● **INSTRUCTIONS FOR THE TASK**: Would you output, exactly as written, the line with "Ernie en Rubber" and all lines after it to the end of the data below, and no others?

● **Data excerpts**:
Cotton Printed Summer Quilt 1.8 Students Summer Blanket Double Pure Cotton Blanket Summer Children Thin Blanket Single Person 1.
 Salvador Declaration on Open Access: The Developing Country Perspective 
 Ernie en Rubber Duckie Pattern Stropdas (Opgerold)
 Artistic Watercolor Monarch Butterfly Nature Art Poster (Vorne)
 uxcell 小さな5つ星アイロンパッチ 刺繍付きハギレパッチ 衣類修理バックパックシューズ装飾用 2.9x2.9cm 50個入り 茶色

● **SOLVED PROBLEM**:
 Ernie en Rubber Duckie Pattern Stropdas (Opgerold)
 Artistic Watercolor Monarch Butterfly Nature Art Poster (Vorne)
 uxcell 小さな5つ星アイロンパッチ 刺繍付きハギレパッチ 衣類修理バックパックシューズ装飾用 2.9x2.9cm 50個入り 茶色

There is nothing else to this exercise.